Jackson’s next “unconstitutional” veto was of “An Act to authorize subscription for stock in the Louisville and Portland Canal Company” passed near adjournment and he provided the veto message to Congress on December 7, 1830.  Again he refers Congress to the Maysville veto for edification.  “The practice of thus mingling the concerns of the government with those of the States or of individuals, is inconsistent with the object of its institution.  The successful operation of the federal system can only be preserved by confining it to the few and simple, but yet important objects for which it was designed.  A different practice, if allowed to progress, would ultimately change the character of this Government, by consolidating into one the General and State Governments, which were intended to be kept forever distinct.”[7]

Jackson’s last transportation veto as “unconstitutional” came on December 2, 1834 of “An Act to improve the navigation of the Wabash River.”  “I cannot refrain from expressing my increasing conviction of its extreme importance, as well in regard to its bearing upon the maintenance of the Constitution … the dangers of unconstitutional acts which, instead of menacing the vengeance of offended authority, proffer local advantages, and bring in their train the patronage …in my opinion, the Constitution did not confer upon (Congress) the power to authorize the construction of ordinary roads and canals … I could not consider myself as discharging my duty to my constituents in giving the Executive sanction to any bill containing such an appropriation.”[8]

TYLER – John Tyler vetoed as “unconstitutional” “An Act making appropriations for the improvement of certain harbors and rivers,” on June 11, 1844.  “At the adoption of the Constitution, each State was possessed of independent sovereignty … (which) expressly reserve(d) to the States all powers not delegated … (Congressional) power, in order to be legitimate must be clearly and plainly incidental to some granted power, and necessary to its exercise.  To refer it to the head of convenience or usefulness would be to throw open the door to a boundless and unlimited discretion and to invest Congress with an unrestrained authority.”[9]

Tyler also pocket-vetoed “An Act making appropriations for the improvement of the navigation of certain rivers” on January 28, 1845, but issued no veto message, suggesting that he had said all that he wished to say on the issue in his June 11, 1844 veto message.

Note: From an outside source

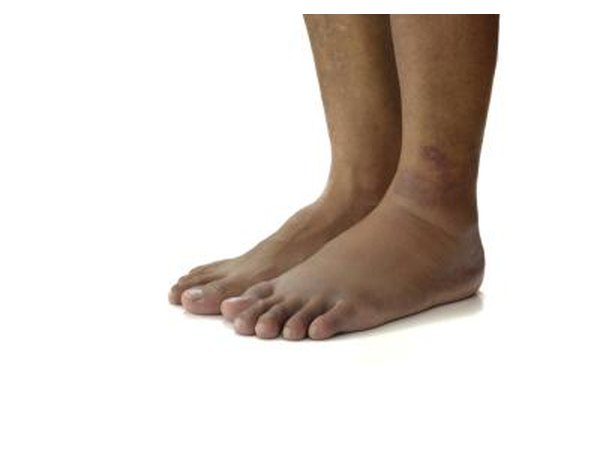 Swelling is another sign of torn cartilage.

POLK – On August 3, 1946 James Polk delivered a veto message to Congress for “An Act making appropriations for the improvement of certain harbors and rivers.”  The bill appropriated $1,378,450 to more than 40 objects of improvement.  Because of the “local character” of these projects, Polk said, “it is difficult to conceive … what practical constitutional restraint can hereafter be imposed … The Constitution has not, in my judgment, conferred upon the federal government the power to construct works of internal improvements … The approved course of the government, and the deliberately expressed judgment of the people, have denied the existence of such a power under the Constitution.  Several of my predecessors have denied its existence in the most solemn forms … The general proposition that the federal government does not possess this power is well settled.”[10]  Polk also advances a test for constitutionality originally laid down by Madison, “Whenever a question arises concerning a particular power, the first question is whether the power be expressed in the Constitution.  If it be, the question is decided.  If it be not expressed, the next inquiry must be, whether it is properly an incident to an expressed power, and necessary to its execution.  If it be, it may be exercised by Congress.  If it be not, Congress cannot exercise it.”

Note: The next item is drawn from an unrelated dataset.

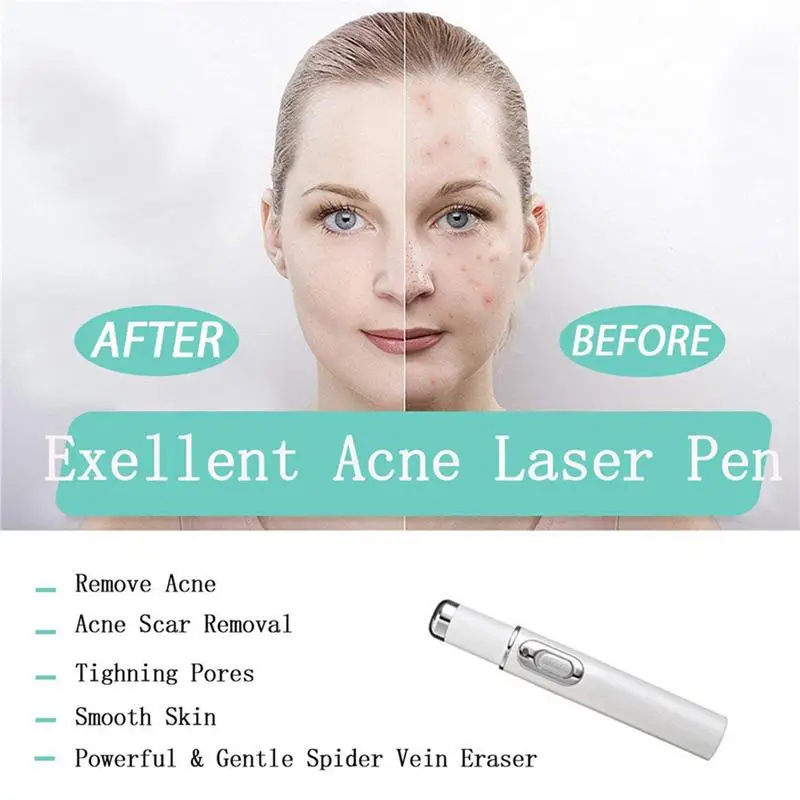 

1pcs Therapy Varicose Veins Treatment Laser Pen Soft Scar Wrinkle Removal Treatment Acne Laser Pen Massage Relax Blue Light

Polk issued a second veto of a transportation bill on December 15, 1847 of “An Act to provide for continuing certain works in the Territory of Wisconsin, and for other purposes.”  Polk’s first objection was the bill’s misleading title.  It passed on the last day of a session and appropriated $6,000 for “continuing” work, while $500,000 was appropriated for numerous new projects.  The veto message opens by referring Congress to his prior veto message of August 3, 1946 and referenced to comments found in the veto messages of Madison, Monroe, and Jackson.  Polk also quotes Jefferson’s 1806 message to Congress recommending “an amendment to the Constitution.”  Restating the obvious Polk writes, “No express grant of this power is found in the Constitution.”[11]

PIERCE – Franklin Pierce issued seven transportation vetoes, more than any other President.  “An Act making appropriations for the repair, preservation, and completion of certain public works theretofore commenced under the authority of law” was vetoed as “unconstitutional” on August 4, 1854.  This bill is “not, in my judgment, warranted by any safe or true construction of the Constitution.”[12]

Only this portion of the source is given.